In the book, Klarman goes out of his way to focus on risk. He notes, “A margin of safety is achieved when securities are purchased at prices sufficiently below underlying value to allow for human error, bad luck, or extreme volatility in a complex, unpredictable and rapidly changing world."
Klarman goes on to discuss several methodologies for examining what the true value of a company is versus the perception of its value as portrayed by its stock price. He mentions many methods for evaluating the “real” value of a company -- practices which can be executed by most undergraduate-level finance students. Klarman knew that his formulas and assumptions could be perfect, but unless perception (stock price) and reality merged, he would not make money. The gap needed to be wide enough to account for uncertainties and peoples’ perceptions needed to change.

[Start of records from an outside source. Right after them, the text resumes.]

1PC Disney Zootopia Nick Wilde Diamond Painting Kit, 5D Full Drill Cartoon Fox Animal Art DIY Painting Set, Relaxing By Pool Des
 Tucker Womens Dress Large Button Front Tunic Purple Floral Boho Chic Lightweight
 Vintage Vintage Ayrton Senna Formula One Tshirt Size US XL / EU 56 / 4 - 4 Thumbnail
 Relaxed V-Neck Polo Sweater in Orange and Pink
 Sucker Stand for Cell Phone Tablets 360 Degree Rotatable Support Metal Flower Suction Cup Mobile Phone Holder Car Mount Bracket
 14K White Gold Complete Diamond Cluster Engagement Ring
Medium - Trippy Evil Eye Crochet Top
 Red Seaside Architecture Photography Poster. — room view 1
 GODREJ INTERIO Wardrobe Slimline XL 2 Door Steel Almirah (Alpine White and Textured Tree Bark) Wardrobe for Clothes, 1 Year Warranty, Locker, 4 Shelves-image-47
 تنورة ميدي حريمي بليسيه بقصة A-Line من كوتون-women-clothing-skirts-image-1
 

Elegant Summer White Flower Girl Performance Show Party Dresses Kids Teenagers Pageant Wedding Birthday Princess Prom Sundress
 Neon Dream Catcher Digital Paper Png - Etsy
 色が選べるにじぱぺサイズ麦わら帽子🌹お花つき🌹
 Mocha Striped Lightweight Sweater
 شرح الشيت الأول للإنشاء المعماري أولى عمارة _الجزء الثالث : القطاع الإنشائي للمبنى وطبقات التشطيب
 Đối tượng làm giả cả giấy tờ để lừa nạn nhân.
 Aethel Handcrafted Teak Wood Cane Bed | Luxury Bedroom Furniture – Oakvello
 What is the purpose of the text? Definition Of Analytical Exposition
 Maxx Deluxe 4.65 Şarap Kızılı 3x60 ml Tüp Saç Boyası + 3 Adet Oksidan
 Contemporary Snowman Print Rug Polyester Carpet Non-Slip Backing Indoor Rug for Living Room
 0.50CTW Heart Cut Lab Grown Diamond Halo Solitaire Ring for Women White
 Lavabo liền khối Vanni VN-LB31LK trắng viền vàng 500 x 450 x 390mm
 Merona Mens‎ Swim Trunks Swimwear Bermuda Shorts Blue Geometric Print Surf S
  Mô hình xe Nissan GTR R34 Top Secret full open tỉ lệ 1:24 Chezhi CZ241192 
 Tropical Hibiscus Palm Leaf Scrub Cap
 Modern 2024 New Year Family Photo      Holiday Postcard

While this all seems dull and mathematical so far, great investors like Klarman, Buffet, and Soros are acutely aware that current circumstances and the corresponding investor behavior they elicit is what leads to any disconnect between the market price and the true value of each of their holdings. They believe that the ideal circumstance for identifying the widest gap (best margin of safety) is when the fewest number of people agree with them. This happens when the behavior of other investors is contrary to their own. Great investors also know that extreme behavior is not permanent behavior. Attitudes can change more rapidly than fundamentals and money can be made anticipating these attitudinal shifts. Money can be made buying companies (or industries, or markets) with the highest “behavioral” margin of safety. Capital can be protected by avoiding (or shorting) those with the lowest behavioral margin of safety (crowded trades).
What is also quite clear to us is that the longer an investment behavior persists (e.g. buying bonds, selling energy stocks, buying large cap growth stocks, etc.) the greater the likelihood that this behavior will sow the seeds to its own reversal. At these "behavioral inflection points" the selling will dissipate and turn into buying and the buying into selling. Said differently, the stocks (or bonds, commodities, real estate) with the lowest behavioral margin of safety are those that have already gone up the most for the longest period of time.
When I think of recent history, I think of the stock of Apple. In September of 2012 the stock eclipsed $700 per share. Since October of ‘08 Apple ascended to that level in a mesmerizing fashion growing at an annual rate of more than 60%. Few managers who expected to beat their benchmarks could afford to be left out of this stock. At $700 per share there was still a cogent argument as to why the stock had a fundamental margin of safety. Excluding the over $120 of cash per share the company had on its balance sheet, Apple was still trading at under 12 times its forecasted earnings. This was cheaper than many slower growing, lower quality companies in the S&P 500. But how high was its behavioral margin of safety? Did everybody who was going to buy it already own it?
While this practice is difficult to quantify, I would hazard to guess that the behavioral margin of safety was not high for this investment. According to Nick Murray Interactive, Apple was one of the top ten holdings in over seven hundred equity mutual funds; four hundred had it as their single largest holding. 400 mutual funds quantitatively demonstrated that this was the single stock that was going to help them the most in beating the market averages over the foreseeable future after it had already gone up more than just about any other stock over the previous four years. It takes some courage to own any single company. With Apple it took a great deal more courage not to own it. I have no idea how this company will perform from current levels ($500 per share a/o 1/2012) but Nick Murray said it best when he commented, “We may no longer be willing to accept even excellence from Apple, because we have in some sense started pricing in magic.”
The behavioral margin of safety for the stocks in general can vary over time. As we enter 2013 stocks have recovered over 100% from their lows in March of 2009. One would think that the average investor increasingly participating is one of the reasons for this recovery. This is not the case. According to Gallup, every year since the recovery began the “participation rate” of American household in stocks has declined. The participation rate sits at 54%, the lowest level since Gallup started measuring the data in 1999. Everybody who can own stocks clearly does not own stocks. Every dollar that could come into the stock market has yet to be committed. We would need to see more investors behaving with impunity before waving the caution flag to our loyal constituency.